If these changes are designed to “enhance shareholder value” (or the CEO’s bank balance), or to ensure the survival of a struggling enterprise, to what extent does company culture trump national traits? And above all, how do we figure all this stuff out?

Complex questions, and way beyond the scope of the Culture Map. So this is no criticism of Meyer’s work, but an observation that more can be done to read companies, cultures, teams and individuals – not just at a fixed point in time but on a regular, self-updating basis.

There are tools out there, such as team psychometrics and engagement surveys that can go some of the way, but those I’m aware of don’t factor in national, local and corporate cultural influences on thinking and action.

When I was thinking about this piece I came across an interesting article by a couple of professional mediators on how to prepare for cross-cultural negotiations. I would certainly find it useful, but it falls some way short of providing a framework that takes the donkey-work out of the process.

I’m pretty sure that there are other academics out there actively working on ways to map cultural genomes in a way that makes sense and doesn’t cost a fortune. Perhaps Erin Meyer herself is working on this.

Until they come up with something better and less expensive, it will continue to take experience and know-how to predict the reaction of a stable and valued workforce to suddenly having to apply for their own jobs (as happened to Digital before its demise in the late 1990s). Also to work out how best to integrate two businesses with dramatically different cultures when they are suddenly merged into one. Too often the outcome, in my experience, ends as the worst, not the best, of both worlds.

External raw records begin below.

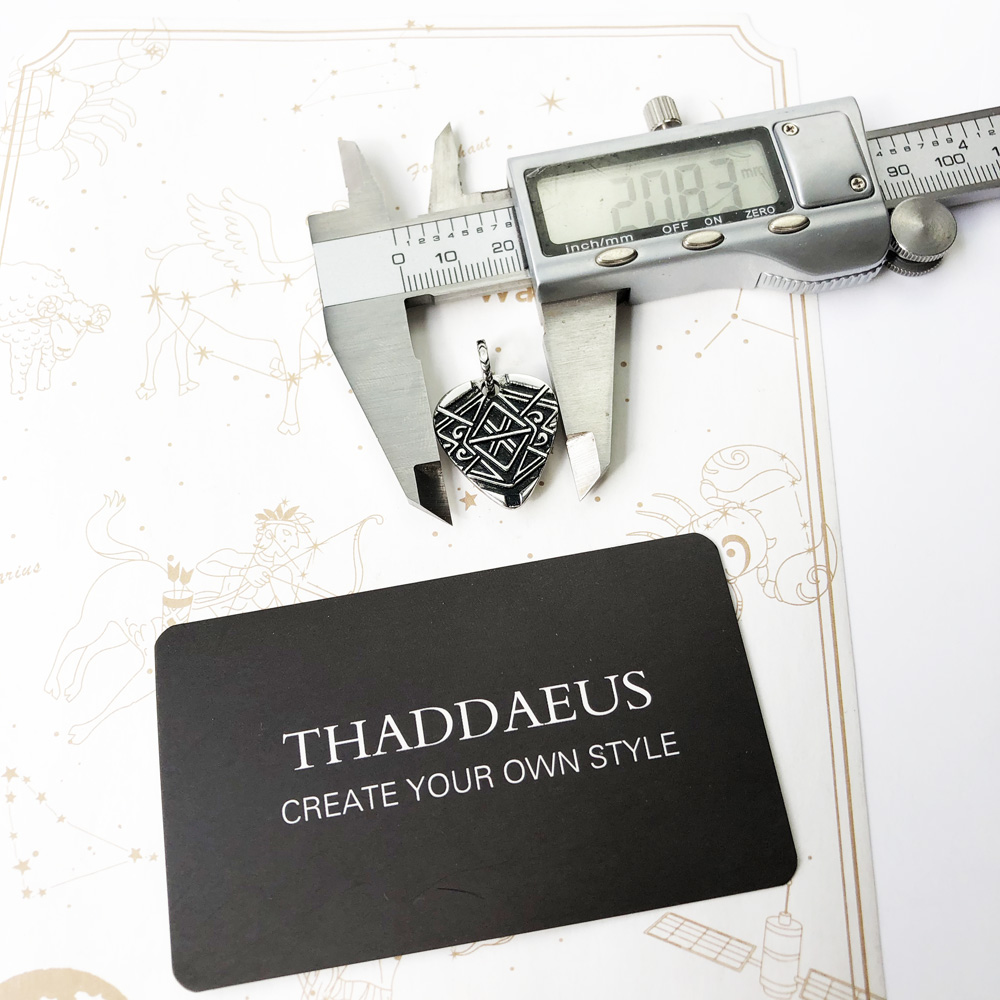 Ornamented Dog Tag Pendant,Bra - Men'S Accessories Jewelry Brands ulasan dan harga
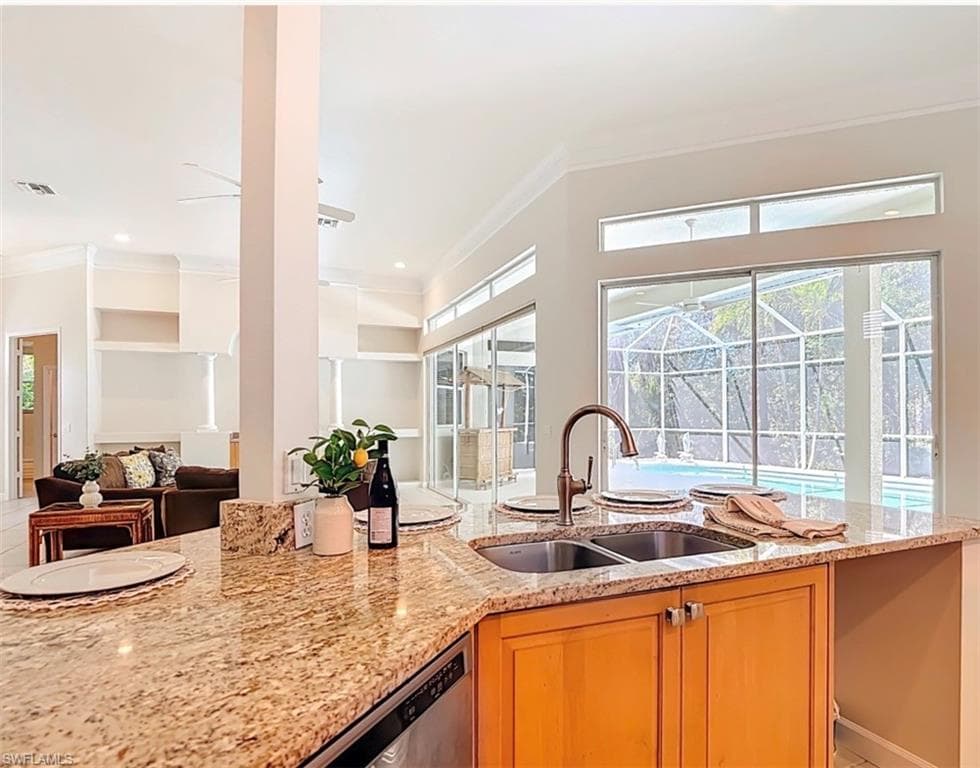 615 Soliel DR-6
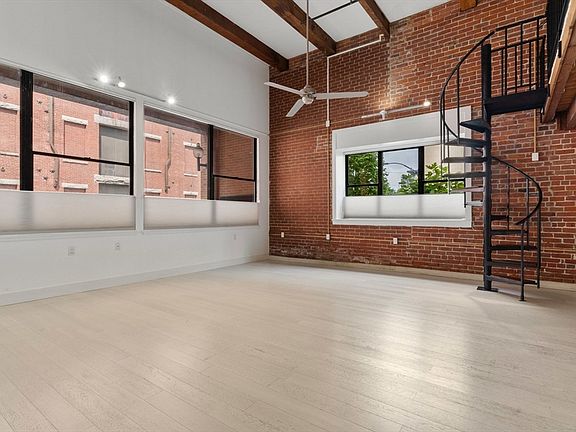 4th image of 15 Sleeper St APT 106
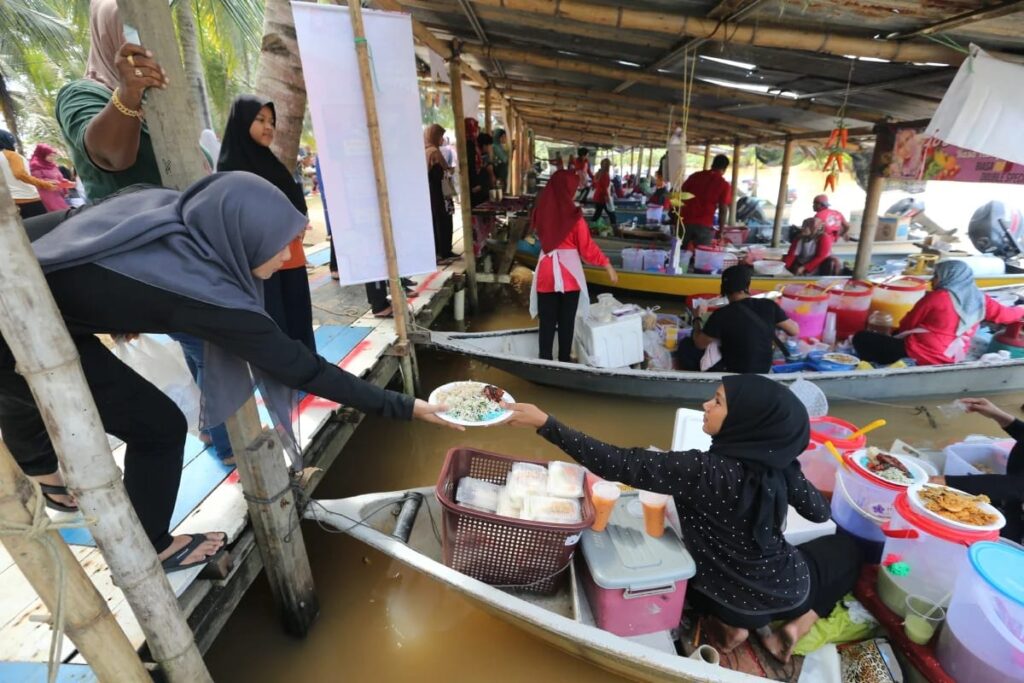 pasar terapung kelantan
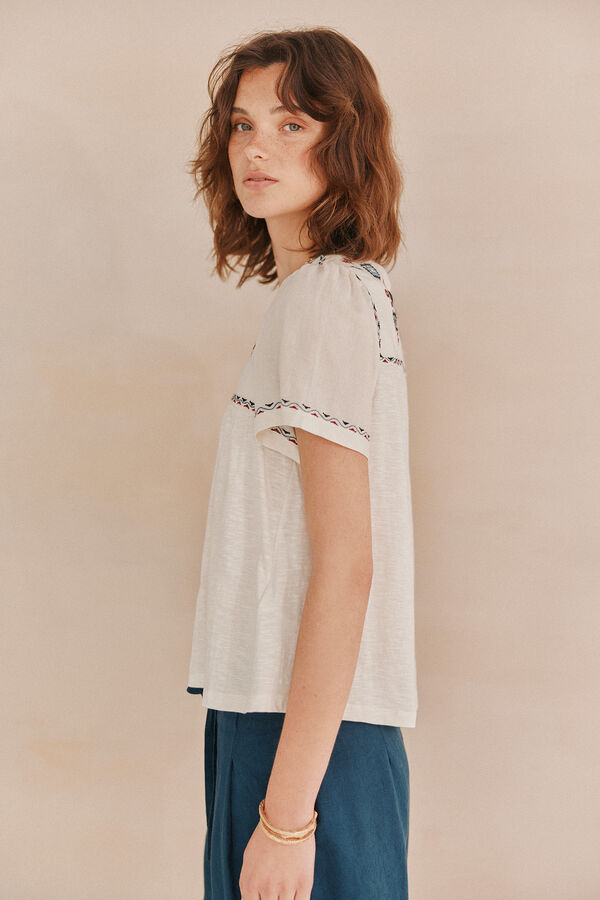 Hoss Intropia Malena. Camiseta con bordados étnicos Marfil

And could we not come up with more sophisticated techniques before we intervene in the affairs of other countries, and when we’re negotiating peace deals or resolving less consequential conflicts?

Be that as it may, I would have found the Culture Map a useful companion when I first set off to do business in foreign lands. Would I have been more effective in my subsequent career?

Quite possibly. But then I wouldn’t have nearly as many memories of embarrassing disasters and triumphs over adversity to laugh about in my senescent years. After all, an easy life isn’t always an interesting one.

2 Comments
  1. Abdullah Wallace permalink

    Hi Steve. A great piece showing the real depth of understanding you have. Thank you. AJ

    • You’re very kind Abdullah! The great thing about books like Meyer’s is that they remind us how much about human nature remains unfathomable. And that’s no bad thing. Ramadan Kareem.